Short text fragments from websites

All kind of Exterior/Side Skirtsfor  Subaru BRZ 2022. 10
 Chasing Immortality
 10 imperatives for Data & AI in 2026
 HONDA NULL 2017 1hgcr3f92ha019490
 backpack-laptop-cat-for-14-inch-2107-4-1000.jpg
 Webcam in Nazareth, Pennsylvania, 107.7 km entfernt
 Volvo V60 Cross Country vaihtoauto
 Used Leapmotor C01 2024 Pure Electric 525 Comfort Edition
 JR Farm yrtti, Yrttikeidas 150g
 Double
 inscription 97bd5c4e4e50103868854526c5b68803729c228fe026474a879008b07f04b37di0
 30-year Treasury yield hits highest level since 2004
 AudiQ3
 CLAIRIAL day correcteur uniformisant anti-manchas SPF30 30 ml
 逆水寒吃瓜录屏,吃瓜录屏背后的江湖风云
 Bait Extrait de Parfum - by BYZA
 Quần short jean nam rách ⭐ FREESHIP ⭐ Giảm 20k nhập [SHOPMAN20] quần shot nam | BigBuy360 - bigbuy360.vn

▸ What needs to be done
Give back, word for word, only the lines from the one containing "HONDA NULL 2017 1hgcr3f92ha019490" through the closing line of the entries.

▸ Response area
 HONDA NULL 2017 1hgcr3f92ha019490
 backpack-laptop-cat-for-14-inch-2107-4-1000.jpg
 Webcam in Nazareth, Pennsylvania, 107.7 km entfernt
 Volvo V60 Cross Country vaihtoauto
 Used Leapmotor C01 2024 Pure Electric 525 Comfort Edition
 JR Farm yrtti, Yrttikeidas 150g
 Double
 inscription 97bd5c4e4e50103868854526c5b68803729c228fe026474a879008b07f04b37di0
 30-year Treasury yield hits highest level since 2004
 AudiQ3
 CLAIRIAL day correcteur uniformisant anti-manchas SPF30 30 ml
 逆水寒吃瓜录屏,吃瓜录屏背后的江湖风云
 Bait Extrait de Parfum - by BYZA
 Quần short jean nam rách ⭐ FREESHIP ⭐ Giảm 20k nhập [SHOPMAN20] quần shot nam | BigBuy360 - bigbuy360.vn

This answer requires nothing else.